* _Supplied data_
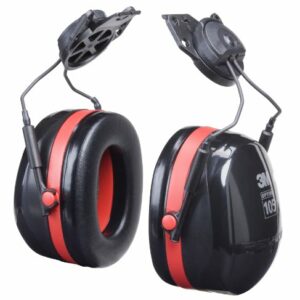 3M PELTOR Optime 105 Dielectric Earmuffs H10P3E-01, Hard Hat Attached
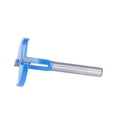 thumbnail image 4 of Routers Bits, PTFE Coating C45 Steel Body T Track Durable Router Bit  For Woodworking, 4 of 8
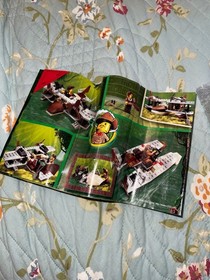 Used 100% complete w/ box and manual LEGO Adventurers: Pontoon Plane (5925)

* _Task objective_
Only the lines from the one containing "thumbnail image 4" to the end of the listing belong in the answer, exactly as they stand and with no pictures.

* _Task solution_
 thumbnail image 4 of Routers Bits, PTFE Coating C45 Steel Body T Track Durable Router Bit  For Woodworking, 4 of 8
 Used 100% complete w/ box and manual LEGO Adventurers: Pontoon Plane (5925)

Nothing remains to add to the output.